Monday, April 11, 2005

Yes, but who will cure us of the dull fire? (2)


For the uninitiated, the above is the opening phrase of Chapter 73 of Gregory Rabassa's translation of Julio Cortázar's Rayuela (Hopscotch), which I am slowly re-reading. Chapter 73 being the first chapter, or rather a first chapter, not counting epigraphs and the “Table of Instructions” in which it is explained that there are at least two ways to read the book: in the usual order from Chapter 1 to Chapter 56, or following the table, beginning with Chapter 73 then proceeding to Chapter 1, Chapter 2, Chapter 116, Chapter 3, etc., and concluding (or rather not concluding, as the final chapters cycle endlessly) with Chapter 131. The word Rabassa translates as “dull” is sordo, which is the same word that is used for our English “deaf,” but which can also mean silent, muffled, mute, etc. “Dull” seems a dull choice of word, but honestly I can't think of a better one.
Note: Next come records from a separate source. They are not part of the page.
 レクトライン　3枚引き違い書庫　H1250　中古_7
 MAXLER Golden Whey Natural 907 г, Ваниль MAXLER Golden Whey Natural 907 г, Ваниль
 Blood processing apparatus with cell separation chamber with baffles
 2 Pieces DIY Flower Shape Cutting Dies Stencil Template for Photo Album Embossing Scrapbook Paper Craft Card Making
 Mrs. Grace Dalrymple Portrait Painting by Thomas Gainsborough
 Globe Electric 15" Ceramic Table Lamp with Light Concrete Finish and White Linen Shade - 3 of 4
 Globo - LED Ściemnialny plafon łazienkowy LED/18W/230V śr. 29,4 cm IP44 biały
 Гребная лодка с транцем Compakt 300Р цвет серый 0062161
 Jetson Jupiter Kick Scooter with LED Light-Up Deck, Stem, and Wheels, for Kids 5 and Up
The Spanish is Sí, pero quién nos curará del fuego sordo... As to what the “dull fire” is all about, the only real insight one could gain would come through reading the book, which I urge you to do, if you are so inclined. Otherwise, no matter.
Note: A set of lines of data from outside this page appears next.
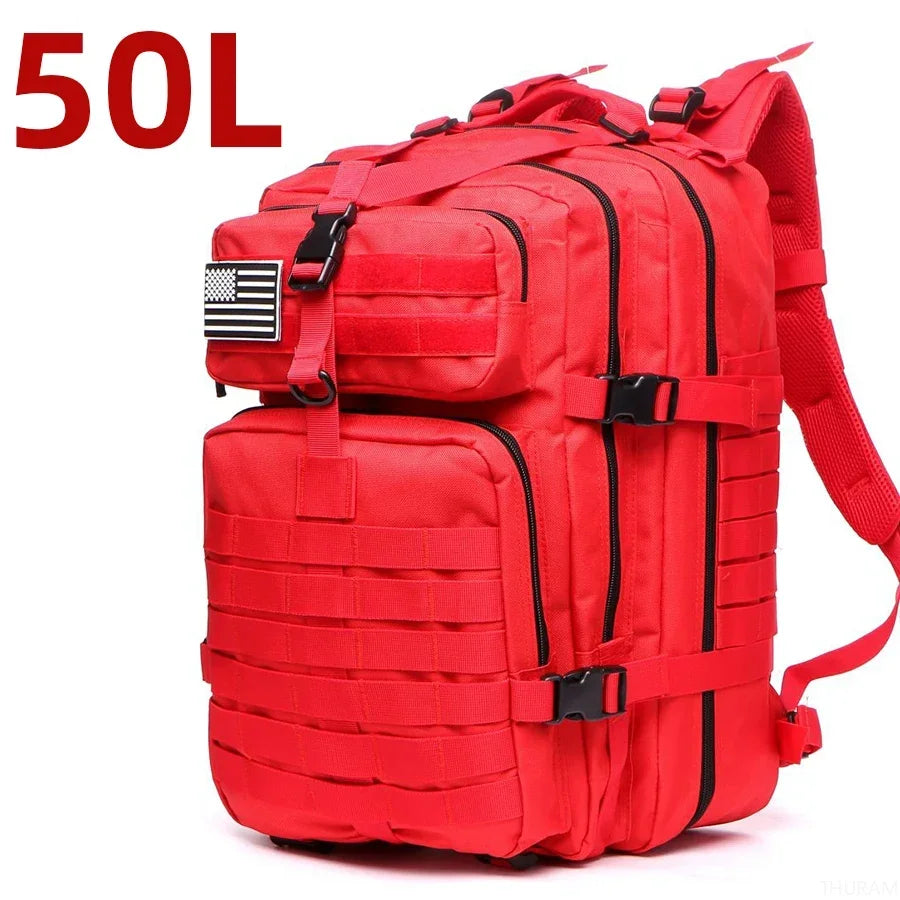 25L/50L Waterproof Tactical Outdoor Backpack – Rugged 1000D Nylon for Trekking, Fishing & Hunting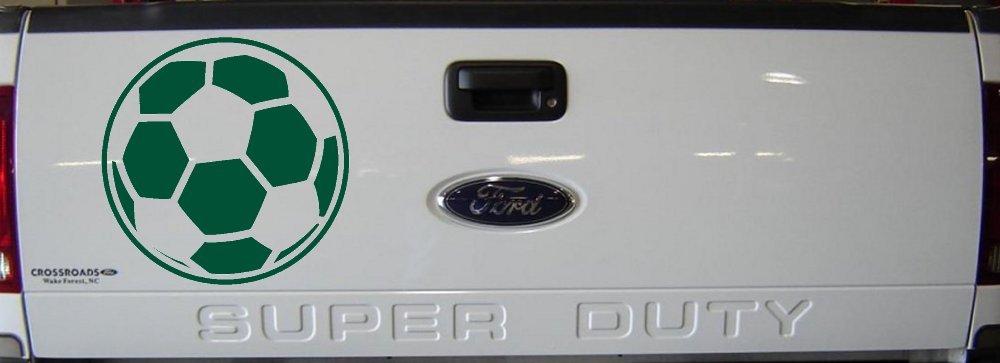 Soccer Ball Sports Car or Truck Window Decal Sticker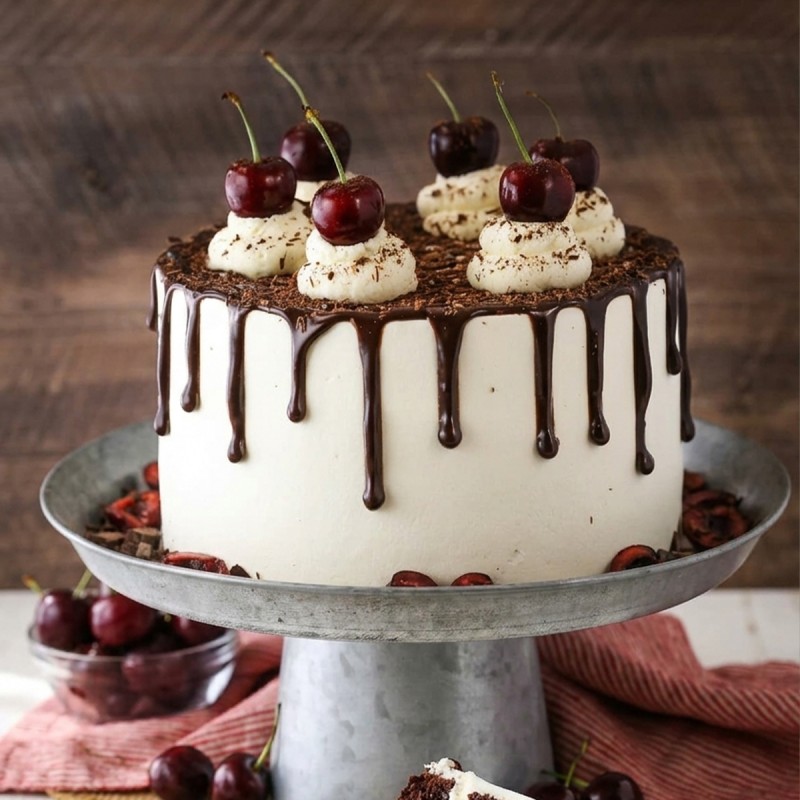 Sugarfree Black Forest Cake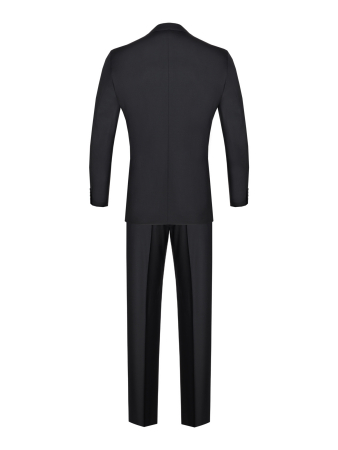 Костюм, Ravazzolo, средне-притал, однотон., 2 пугов. (75110, Черный, 50, R)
Cortázar loved jazz, dabbled in playing it (on the trumpet, and apparently not very well), and wrote some of his most interesting essays or quasi-essays about it (the best being “Louis enormísimo cronopio,” about Louis Armstrong). In Rayuela there is one long set-piece, broken up over several chapters, in which the various members of the Club of the Serpent, a diverse group of exiles and bohemians resident in Paris, spend an evening getting drunk on bad vodka and listening to old jazz 78s (and blues 78s as well, though Cortázar generally and with some justice lumps them together as “jazz”). In Chapter 17 this culminates in a bravura sentence, running more than two pages, in which the narrator poses what could be called a metaphysical defense of jazz, winding up with these words:
... an archetypal form, something from before, from below, that brings Mexicans together with Norwegians and Russians and Spaniards, that reincorporates them into the dark and forgotten central flame, clumsily and badly and precariously it returns them to a betrayed origin, it shows them that perhaps there have been other paths and that the one they took was maybe not the only one or the best one, or that perhaps there have been other paths and that the one they took was the best, but that perhaps there were other paths that would have been sweet to walk down and that they didn't take, or that they took only in a halfhearted sort of way, and that a man is always more than a man and always less than a man, more than a man because he has in himself all that jazz suggests and lies in wait for and even anticipates, and less than a man because out of this liberty he has made a moral or esthetic game, a chessboard where one must be either bishop or knight, a definition of liberty which is taught in school, in the very schools where the kids are never taught ragtime rhythm or the first notes of the blues, and so forth and so on.

(Rabassa's translation, somewhat modified)
The above could well be seen as a manifesto for the novel in which it occurs, perhaps even a manifesto for Cortázar's work and life as a whole.